There’s been a great deal of analysis written about German writer Gunther Grass’ now-infamous new poem, “What Must Be Said” (in which Grass criticized Israel’s nuclear program as endangering an “already fragile world peace.”) For me, the most astute response by far comes from Mideast historian Mark LeVine, writing in Al-Jazeera.
LeVine skillfully parses the psychology and the politics behind the uproar – but it is his identification of the larger context of the issue that resonates most powerfully for me. Here’s a long excerpt from a much longer article. The entire piece is well worth reading:
Israel has always sought to portray itself as a “normal” country, yet goes out of its way to ensure no one “names it” – to use Grass’ words – as what it is, a colonial state that every day intensifies its occupation of another people’s land. And so Grass has taken it upon himself to “say what must be said”, to name Israel as what it is, a “nuclear power” that “endangers the already fragile world peace”. It’s worth noting he doesn’t even mention the occupation, which is the far greater threat to world peace.

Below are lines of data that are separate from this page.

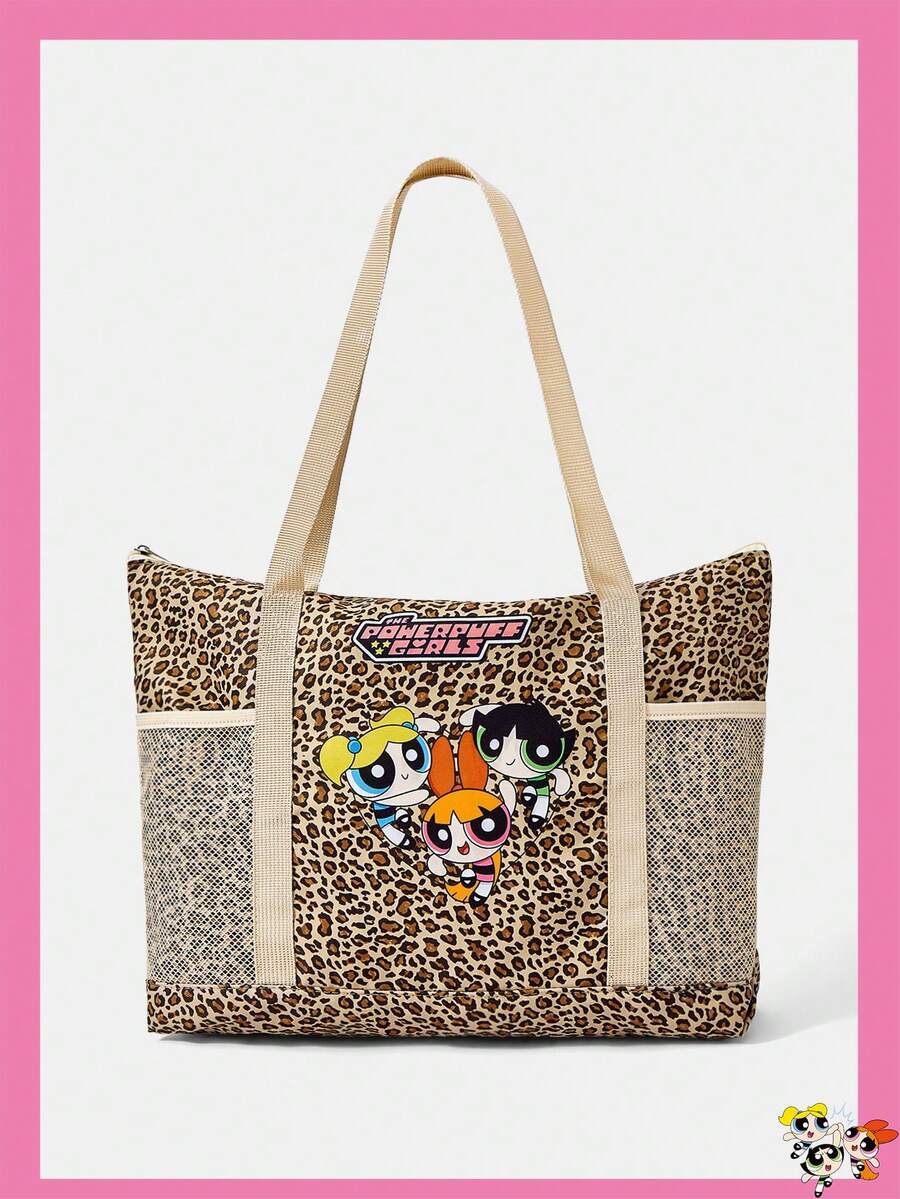 THE POWERPUFF GIRLS X A Leopard Print Shoulder Tote Bag For Girls, Versatile For Multiple Scenarios, Large Capacity, Ultra Lightweight, Durable, Versatile And Practical, High Aesthetic Value, Fa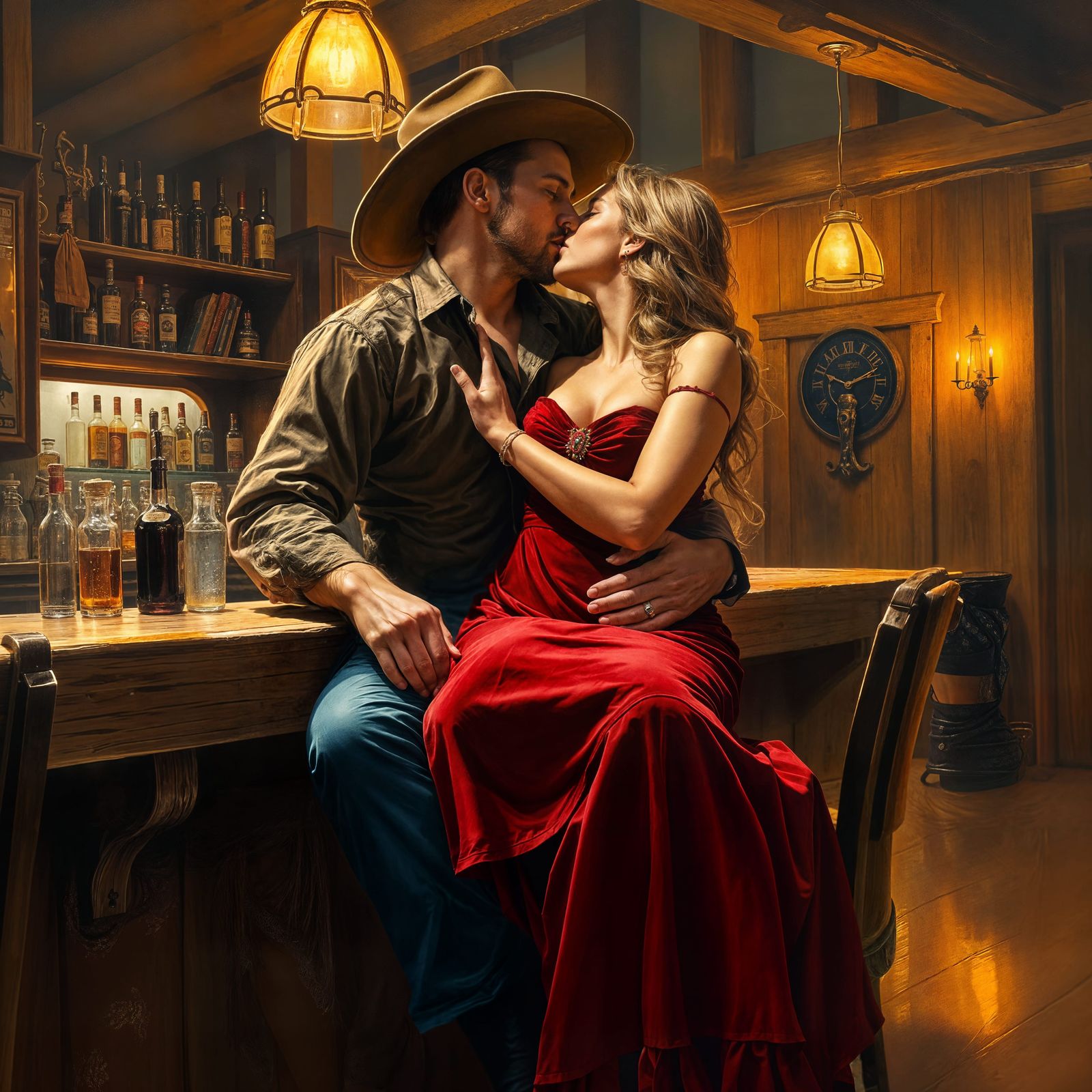 Cowboy and Barmaid's Kiss in Romantic Western Style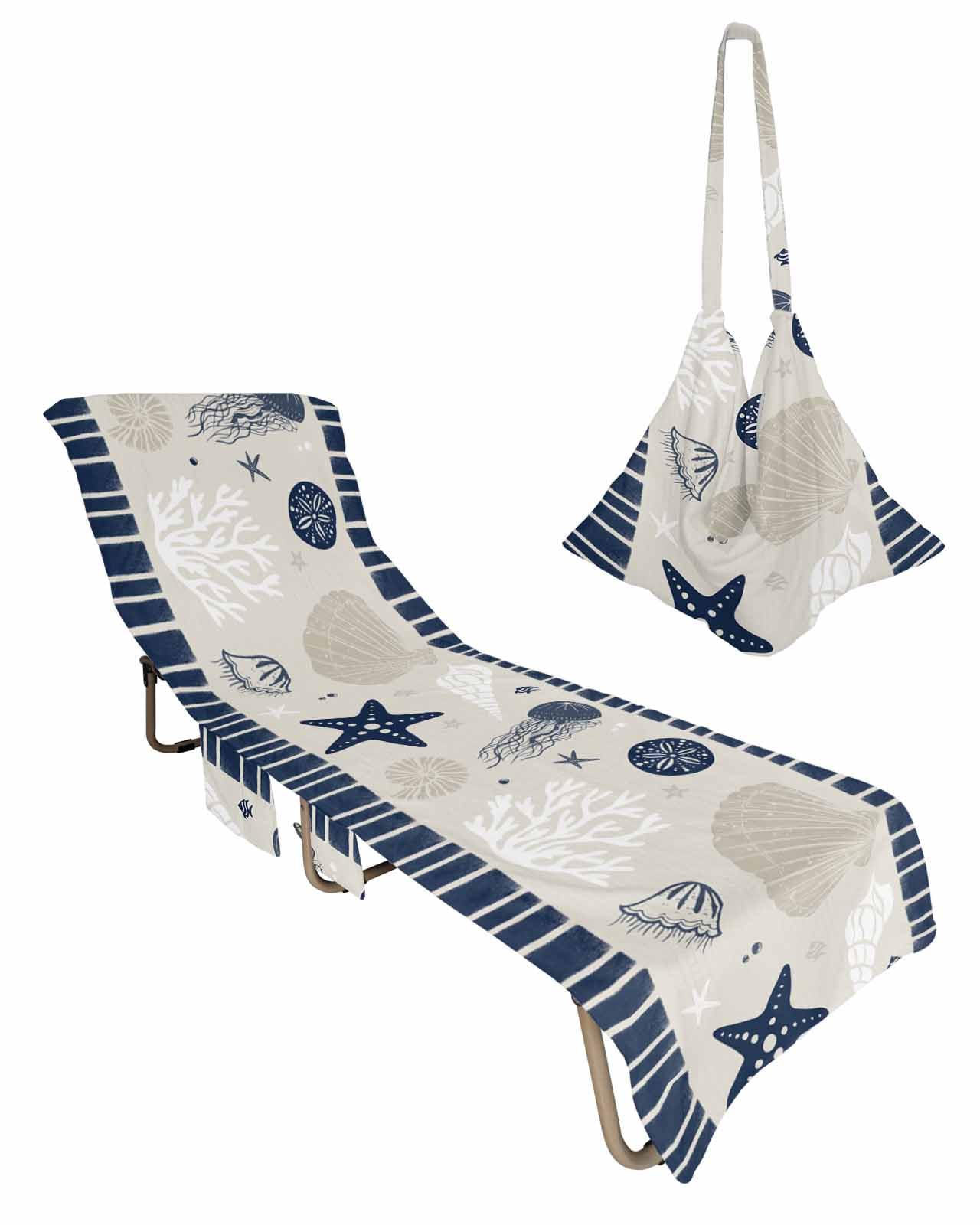 Beach Pool Patio Lounge Chaise Chair Cover Towel with Pockets,Coastal Navy Blue Absorbent & Quick Dry Microfiber Towel Cover Bag Travel Accessories Nautical Starfish Shells Coral Conch Jellyfish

I have no idea if Grass really believed himself to be “bound” to Israel; if he did, we can imagine the bond is broken today, at least by Israel, now that he’s banned from returning. But Grass’ feelings are not what’s interesting or important. What’s important is the larger context, all the other “facts” which refuse to be accepted as “pronounced truths”.

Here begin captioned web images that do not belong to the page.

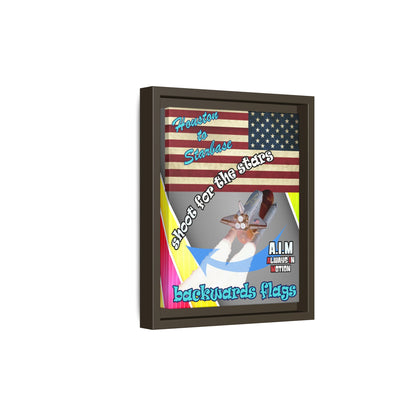 shoot for the stars - framed canvas art (rainbow split)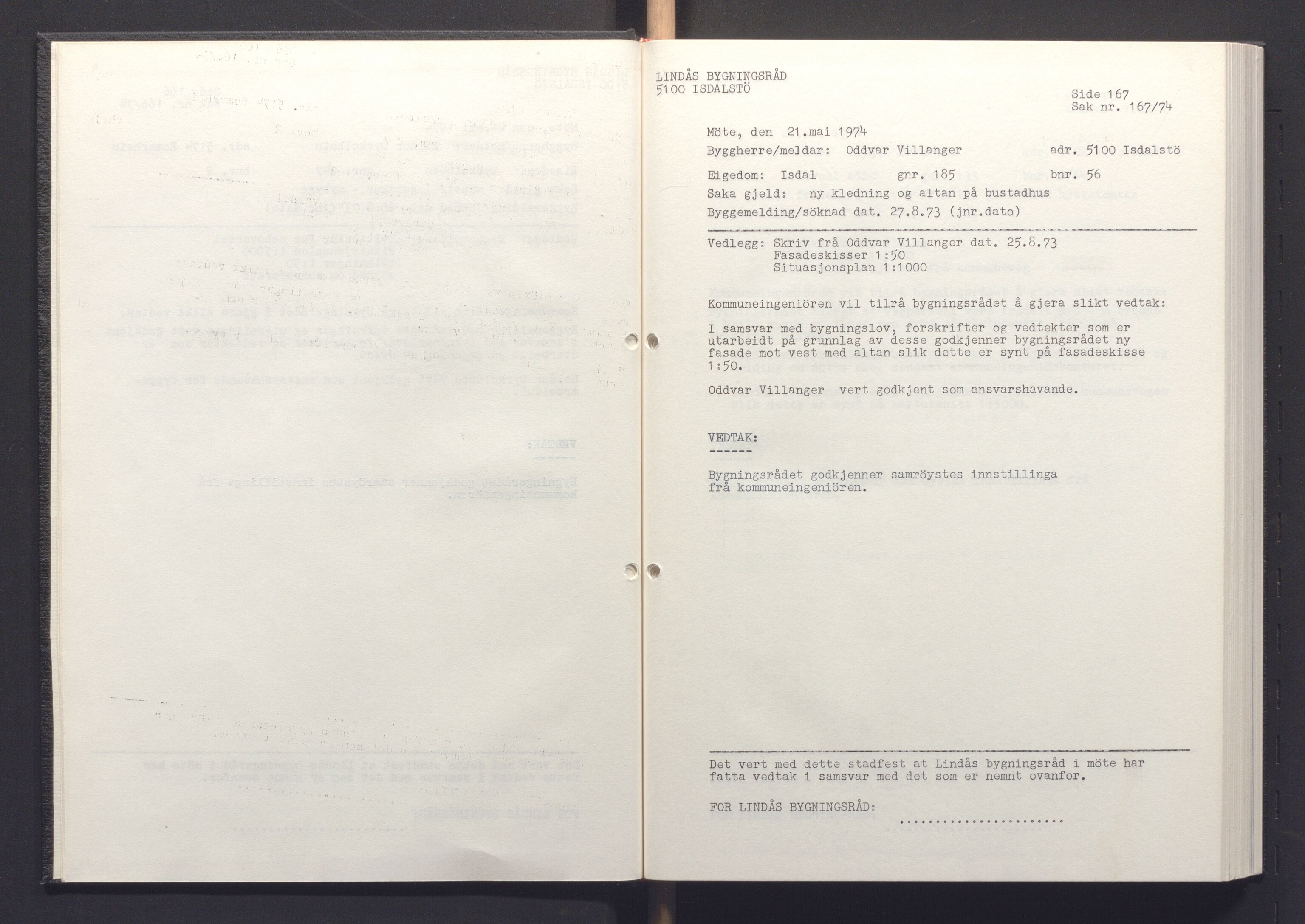 Lindås kommune. Bygningsrådet, IKAH/1263-511/A/Aa/L0015: Møtebok for Lindås bygningsråd, 1974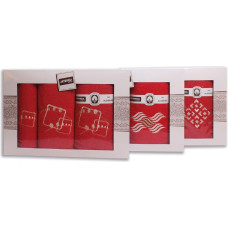 RĘCZNIK KPL. ARTI 3 SZT. /30X50/50X100/70X140/ FROTTE HAFT CZERWONY 400G.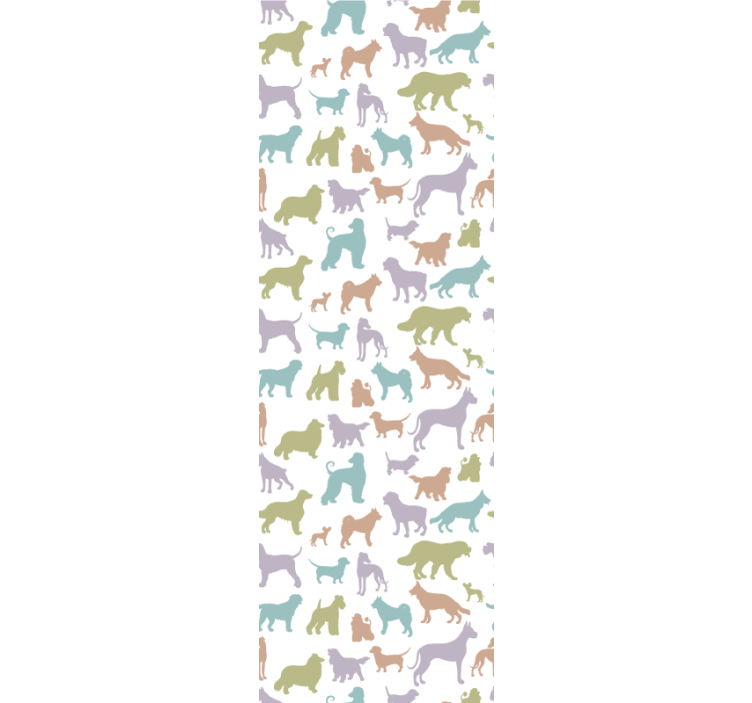 Värikkäitä siluetteja koira tapetti - Tenstickers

These facts are that Israel, however egregious its crimes – and anyone who denies them is either completely ignorant or a moral idiot – is but one cog in a much larger global machine, one that includes too many other cases of occupation, exploitation, and wanton violence to list comprehensively here (we can name a few – Syria, China, Russia, India, Sudan, Saudi Arabia, Iran, Bahrain, Uzbekistan, Sri Lanka, the Congo, and of course, NATO and the United States – whose oppression, exploitation, and murder of their own or other peoples is a far more concrete “fact” than the potential for mass destruction caused by Israel’s nuclear programme)…

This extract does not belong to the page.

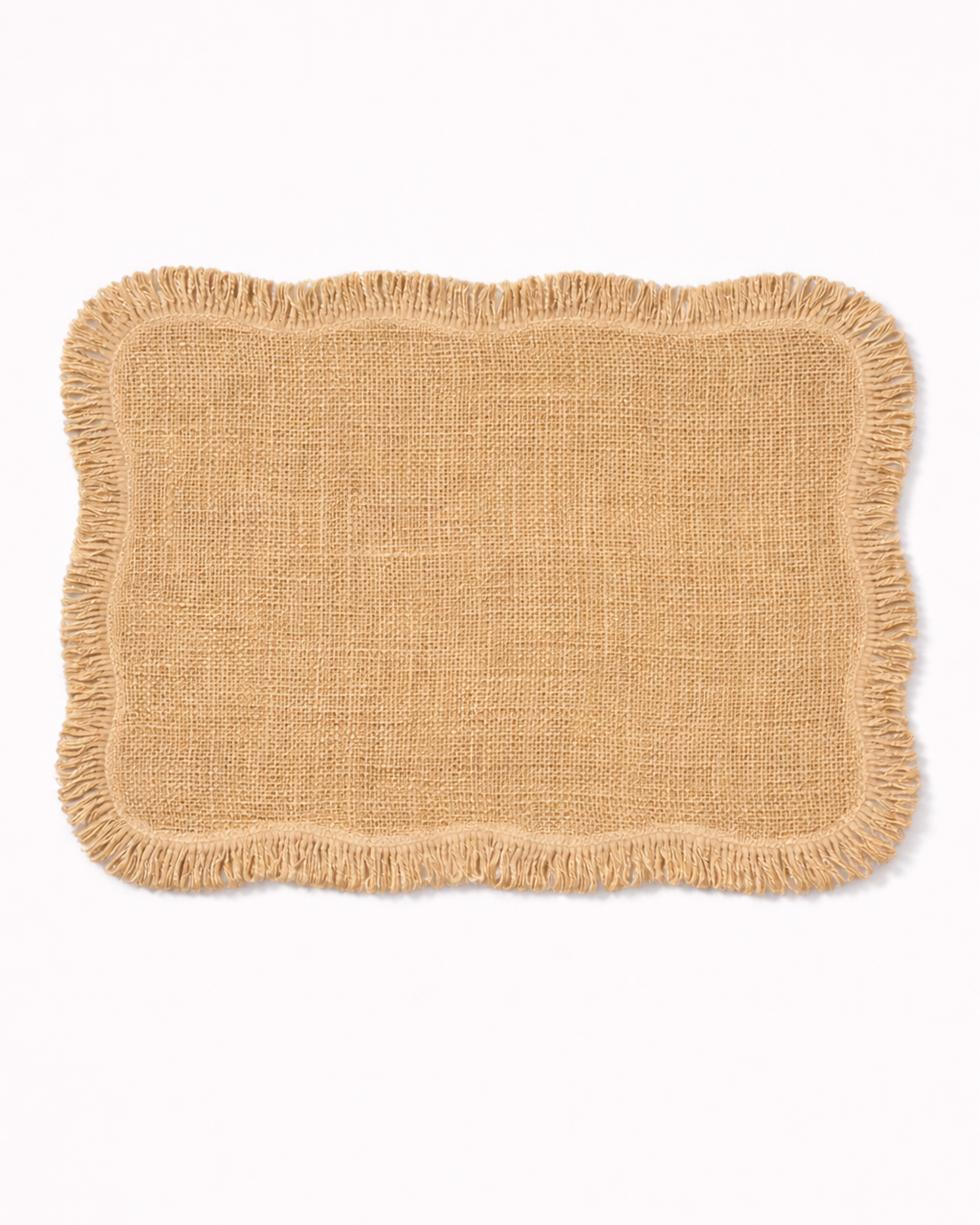 Natural jute placemat with fringed edges front view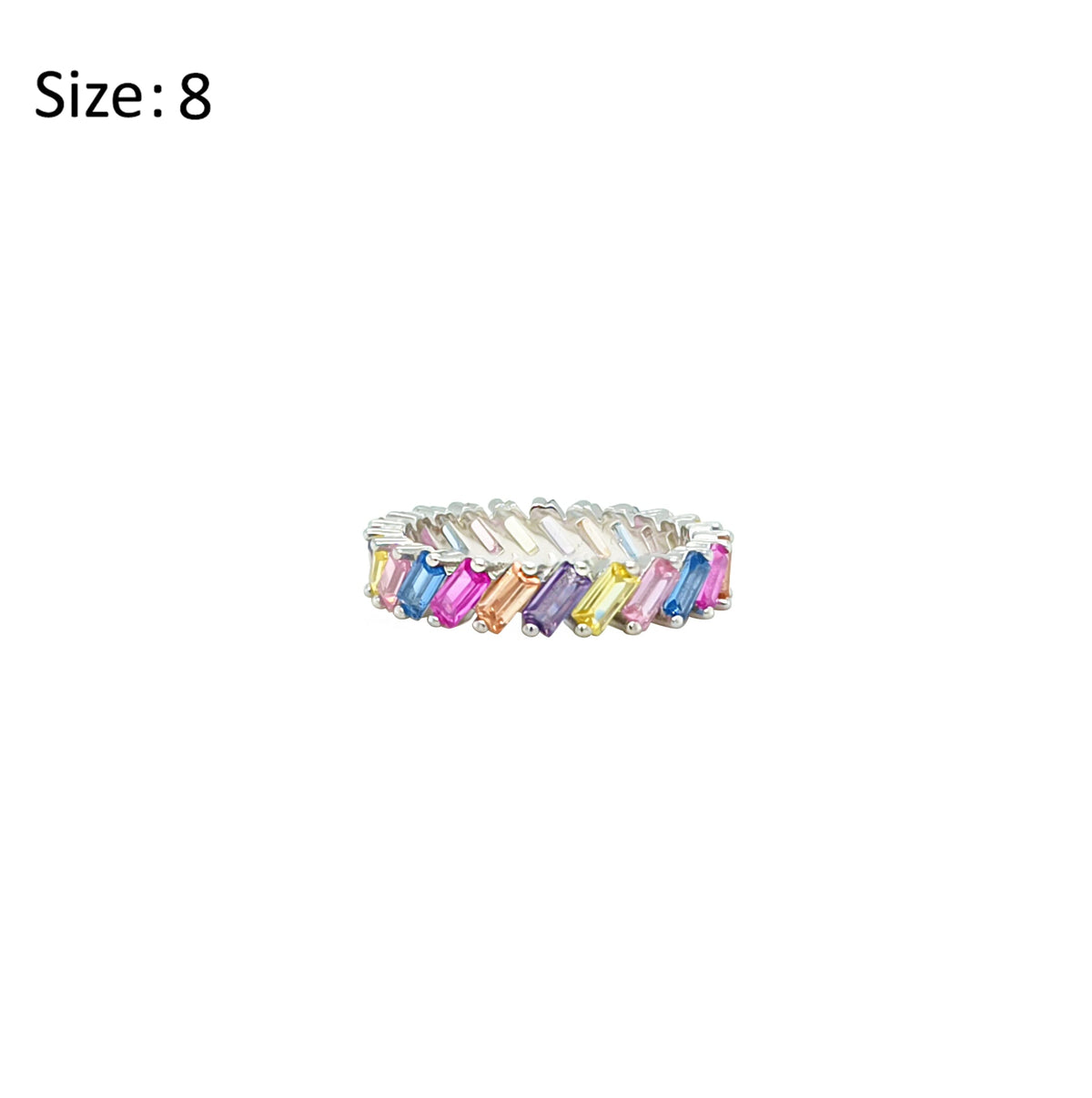 Asfour Crystal Band Ring With Multi Color Baguette Stones In 925 Sterling Silver-RD0158-K-8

The larger fact is that the global economy is addicted to war, to militarism, oil and the rape of the planet for the minerals and resources that fuel the now globalised culture of hyperconsumption that will doom our descendants to a fate we dare not contemplate. Israel’s gluttony for Palestinian territory, and its willingness to encourage a regional nuclear arms race to keep it, is ultimately no different than the the gluttony for the 60-inch TV, the iPhone/Pad, the cavernous homes and cars, the ability to live at levels of consumption that are only sustainable if most of the world lives in poverty that increasingly defines all our cultures.
Israel has gotten Palestine on the cheap, and it costs relatively little to continue the occupation. Far less than it would cost to end it. So why bother? Especially when everyone else is doing, more or less, the same thing and, it’s clear, no one really cares anymore. Germany, whose remarkable economic stability in the recent global financial crisis is in good measure due to its central role in this global economy of hyper-consumption (think of all the energy and resources that go into making and driving all those fancy German cars), is certainly playing its role all too well.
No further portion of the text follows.